(Pictures with short captions)
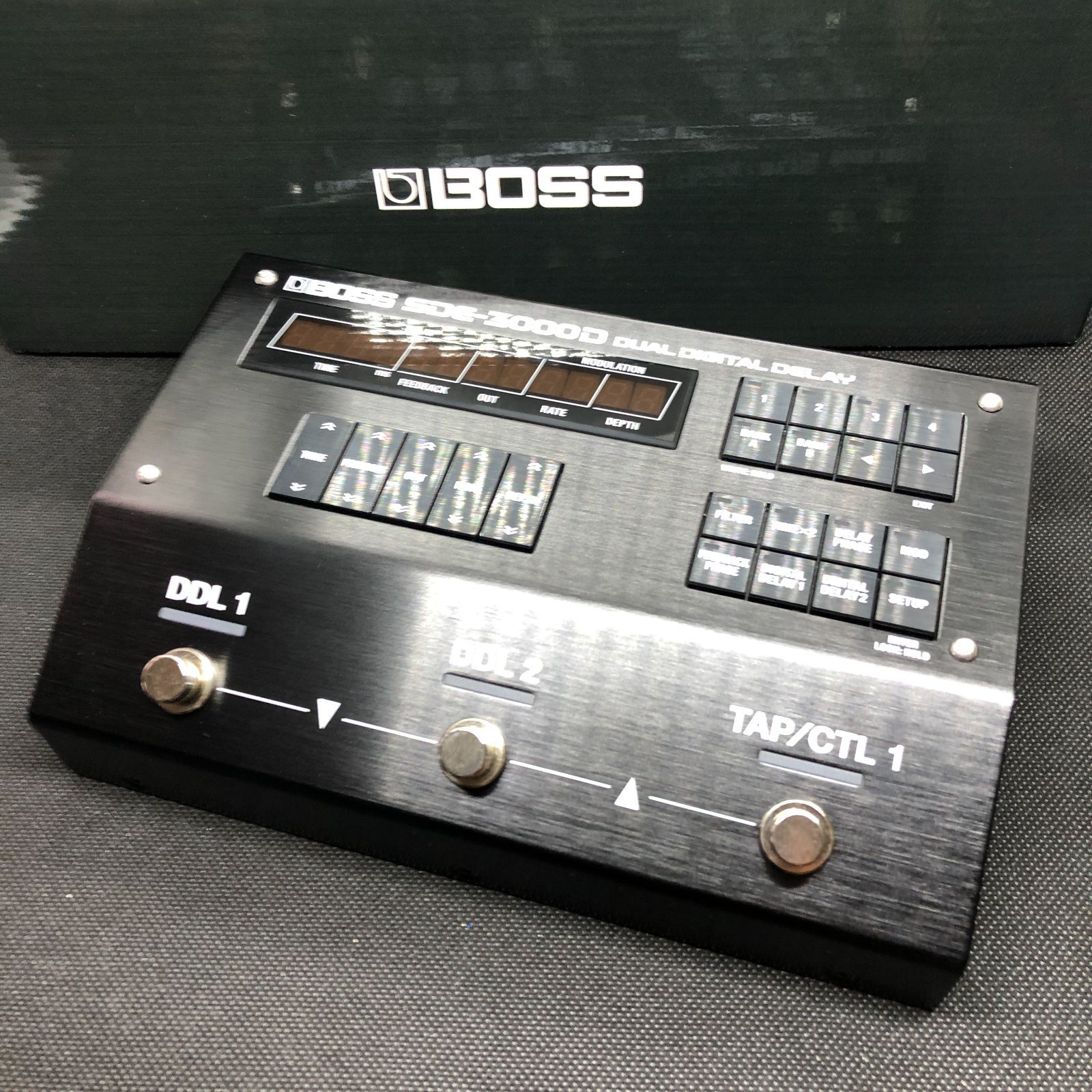 BOSS SDE-3000D DUAL DIGITAL DELAY f146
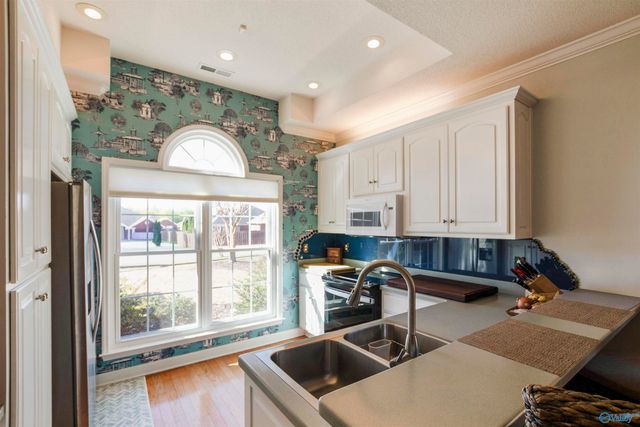 109 Canterbury Circle, Arab, AL 35016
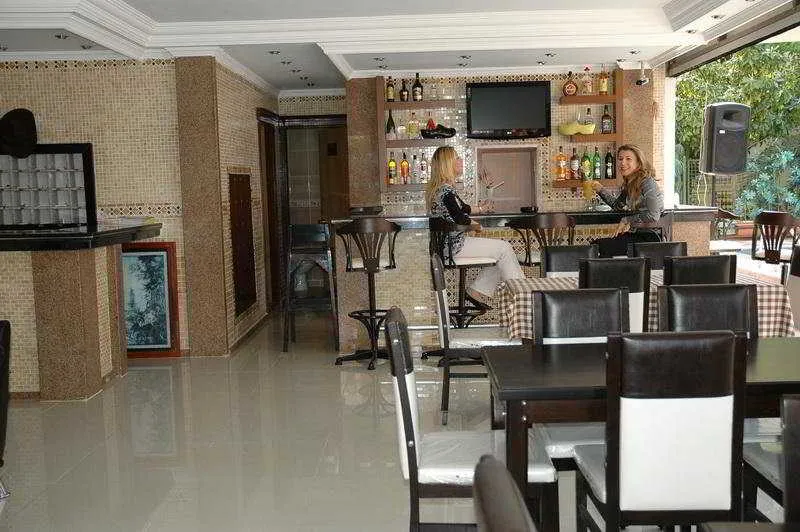 Bar, Basil's Apart Hotel, Dalaman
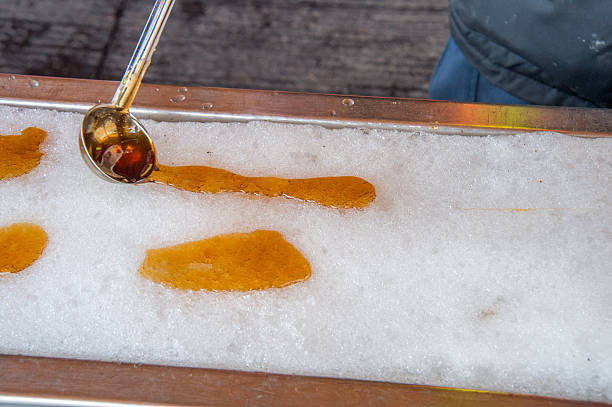 bonbon d'érable sur la neige pendant sugar shack période. - maple syrup sugar shack photos et images de collection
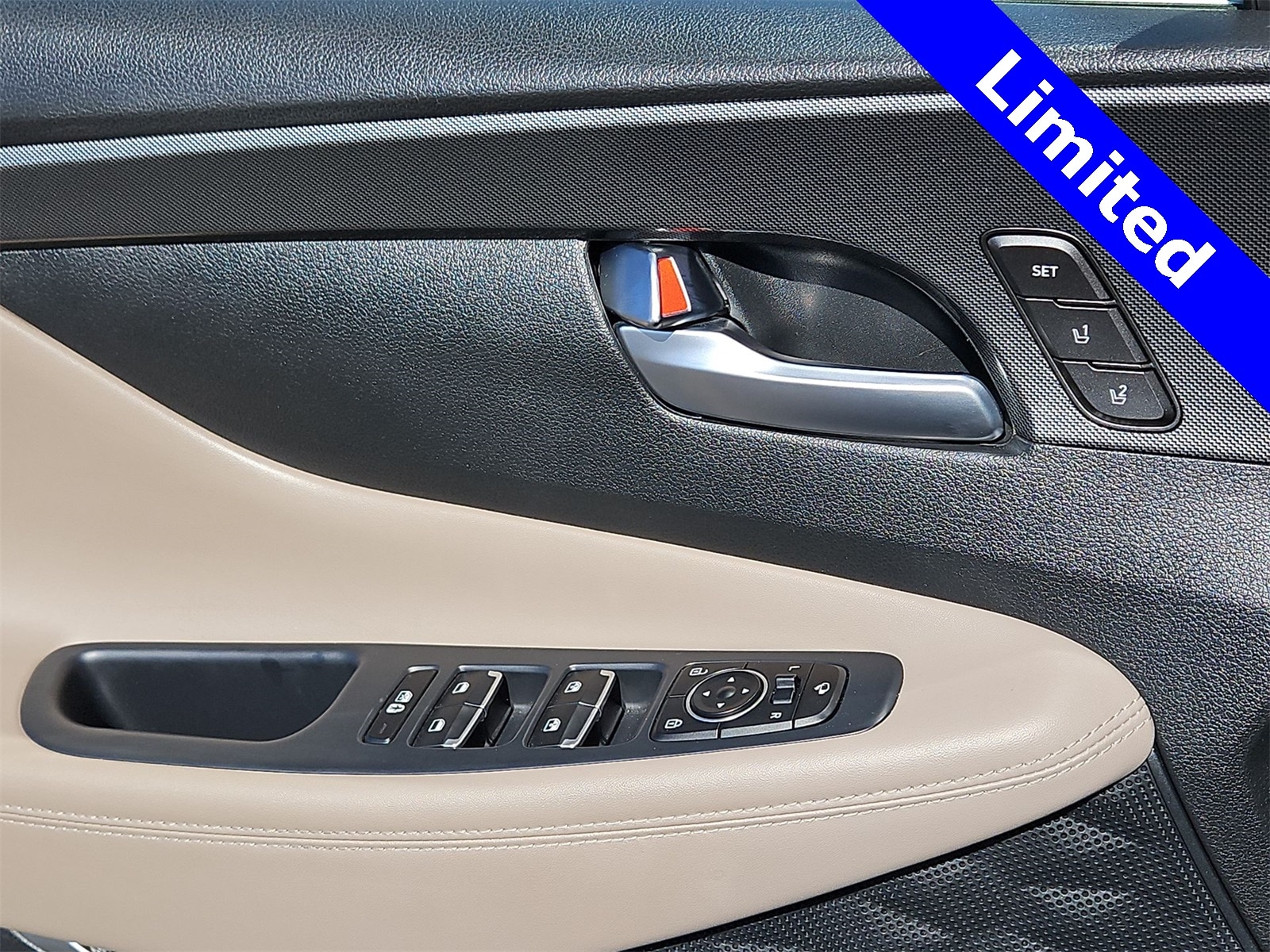 Thumbnail: 2023 Hyundai Santa Fe - 28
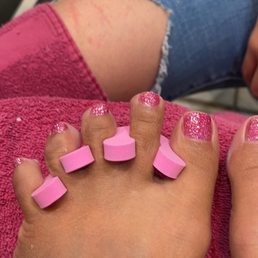 Vicki, wow!! Great pedicure! This place has a long wait but, I can't get mad because it's worth it. Recommend the Divine OPI pedicure!
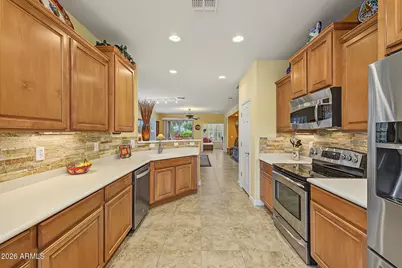 241 W Summit Circle, San Tan Valley, AZ 85143 - Photo 9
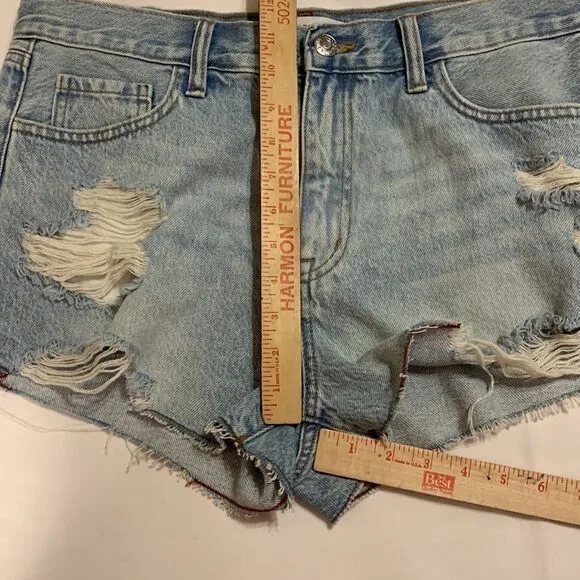 Zara Size 12 distressed high waisted denim shorts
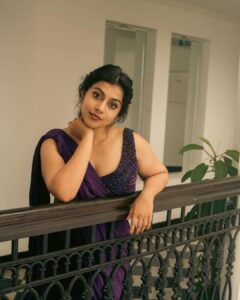 Shruti Ramachandran Instagram - ✨

Styling @keerthysampath
Photography @palaniappansubramanyam
Assisted by
@premshaz @ak_1996_47
Outfit @drishtichhabraa 
MUA & Hair @femy_antony__
Location @azora.hotels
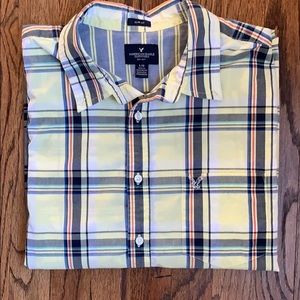 *American Eagle* Men’s Short Sleeve Shirt
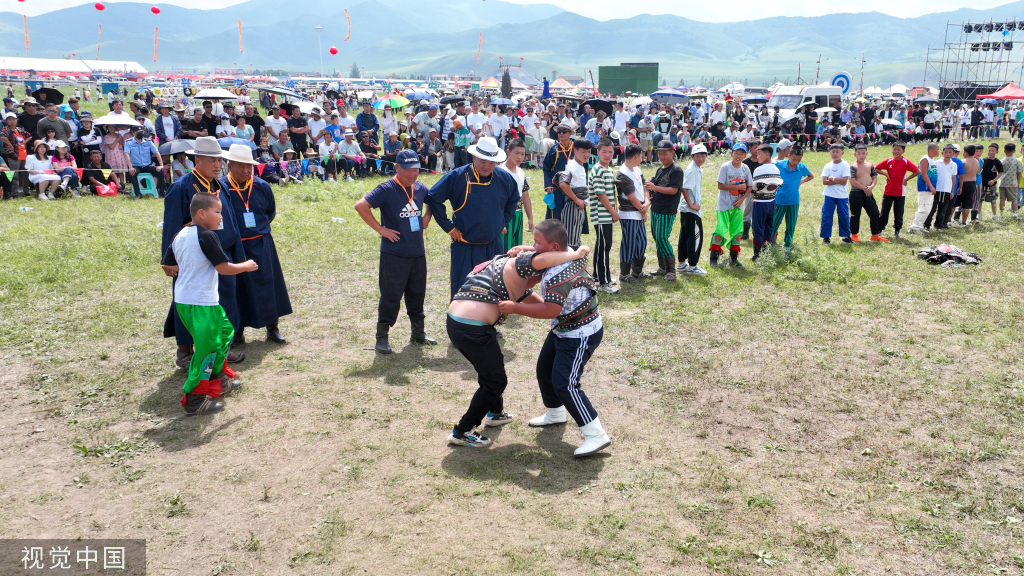 半岛体育-火爆的比赛场面，让观众沉浸在激情和欢乐中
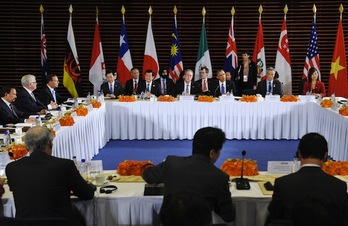 Representantes de los países que han sellado el acuerdo denominado TPP. (Mandel NGAN/AFP PHOTO)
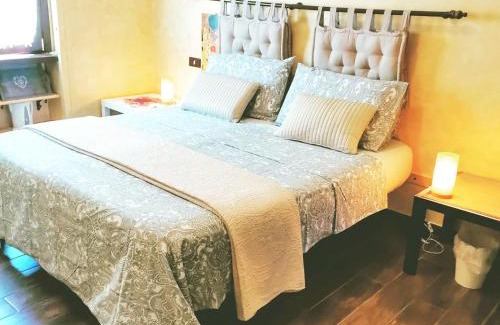 San Siro Bed & Breakfast | Cozy Bed & Breakfast A San Siro 75 with Restaurant Access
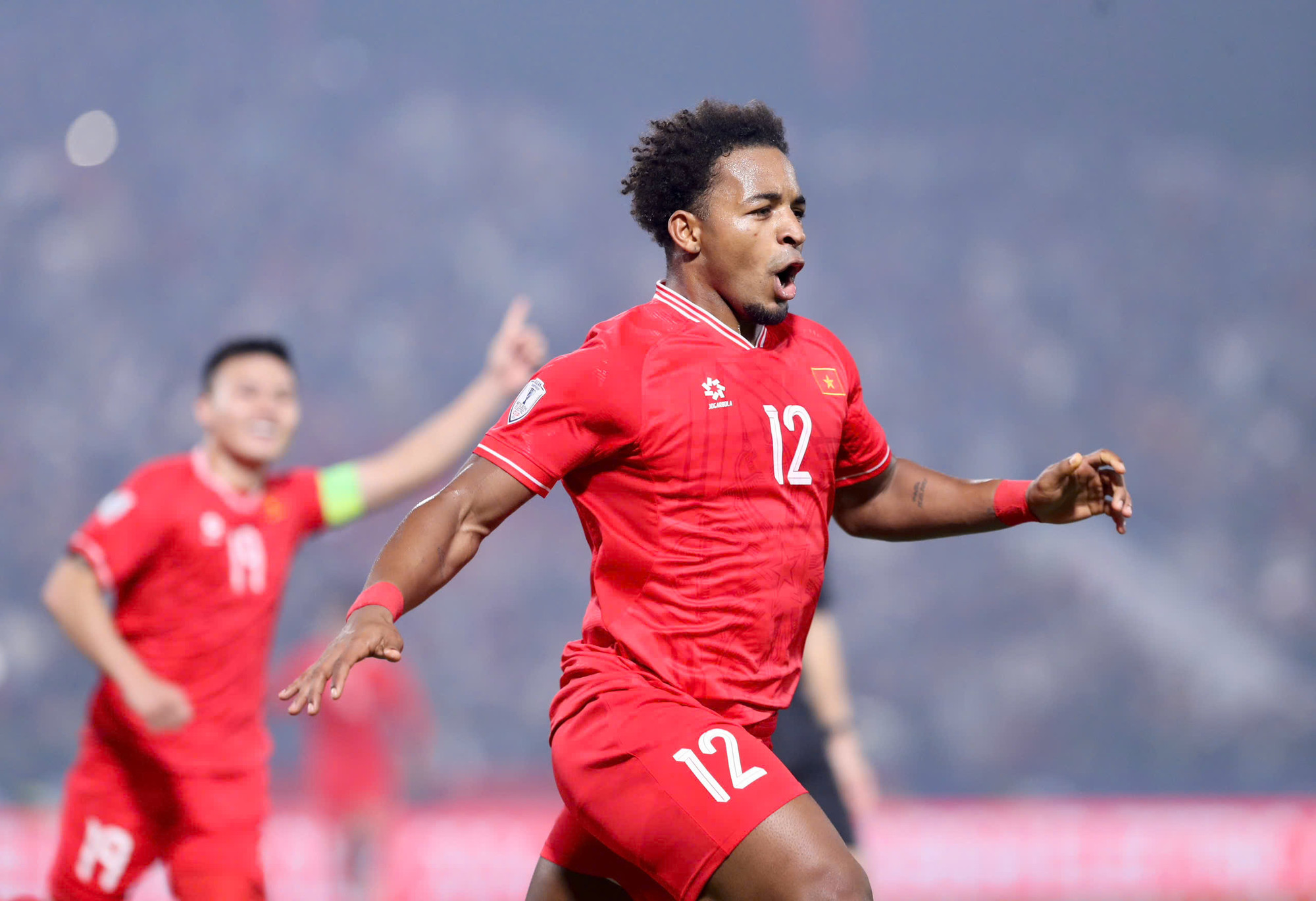 Chỉ 6 phút sau đó, tiền đạo sinh năm 2003 có màn đáp lễ ấn tượng với tình huống chuyền bóng cho Xuân Son dứt điểm nâng tỷ số lên 2-0. Chỉ 6 phút sau đó, tiền đạo sinh năm 2003 có màn đáp lễ ấn tượng với tình huống chuyền bóng cho Xuân Son dứt điểm nâng tỷ số lên 2-0.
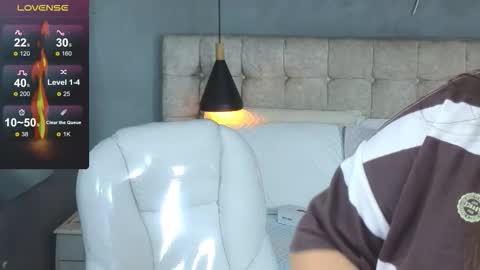    online show from 14, 11, 2025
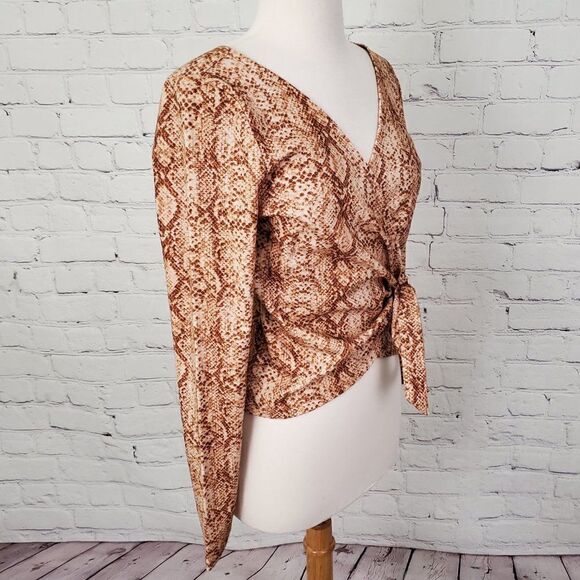 LOVERS + FRIENDS NWT Snake Print Long Sleeve Wrap Top Size L - Picture 3 of 7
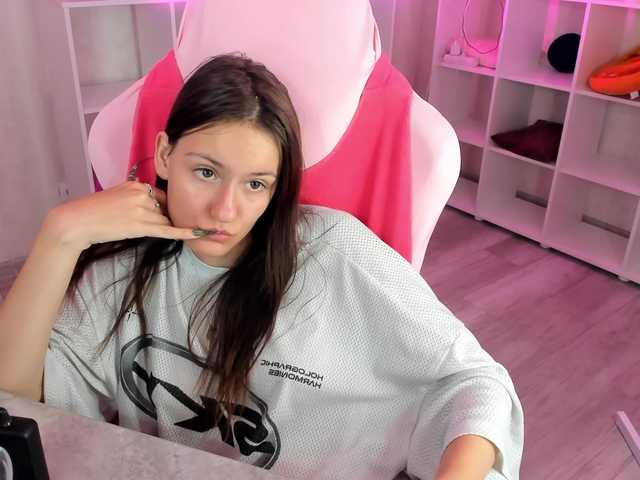 Golden-Whisper live cam on BongaCams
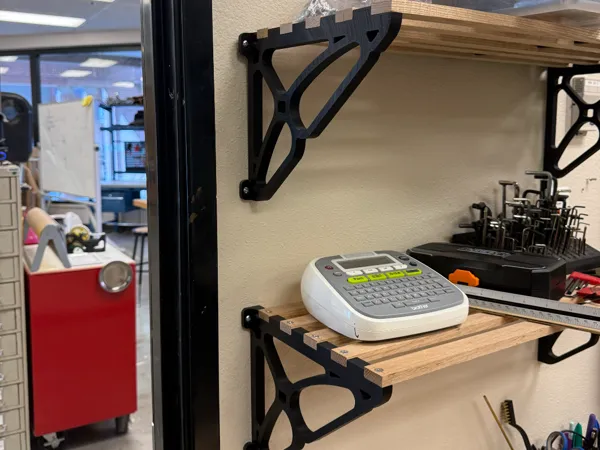 https://makerworld.bblmw.com/makerworld/model/USb5c88ea9276906/design/2025-11-11_b6f6c14fad159.jpg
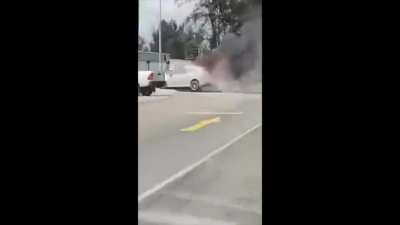 Car Crash Burst Into Flames in Matola!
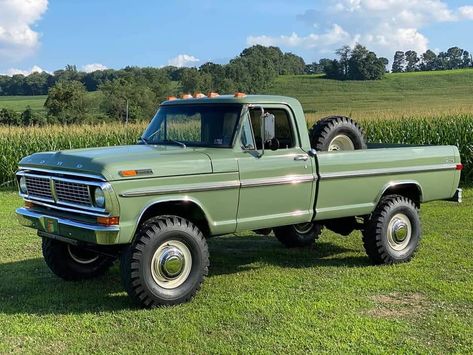 @lastnameford on Instagram: “Boxwood green - one of my favorites! 🤤” Custom Lifted Trucks, Ranger Truck, Ford Ranger Truck, Old Ford Trucks, Classic Ford Trucks, Old Pickup, Old Pickup Trucks, Jacked Up Trucks, Classic Pickup Trucks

• YOUR TASK:
Copy exactly, without pictures, the lines above from the one with "lên 2-0. Chỉ" down to the one with "online show from 14, 11, 2025", inclusive.

• EXPECTED ANSWER:
 Chỉ 6 phút sau đó, tiền đạo sinh năm 2003 có màn đáp lễ ấn tượng với tình huống chuyền bóng cho Xuân Son dứt điểm nâng tỷ số lên 2-0. Chỉ 6 phút sau đó, tiền đạo sinh năm 2003 có màn đáp lễ ấn tượng với tình huống chuyền bóng cho Xuân Son dứt điểm nâng tỷ số lên 2-0.
    online show from 14, 11, 2025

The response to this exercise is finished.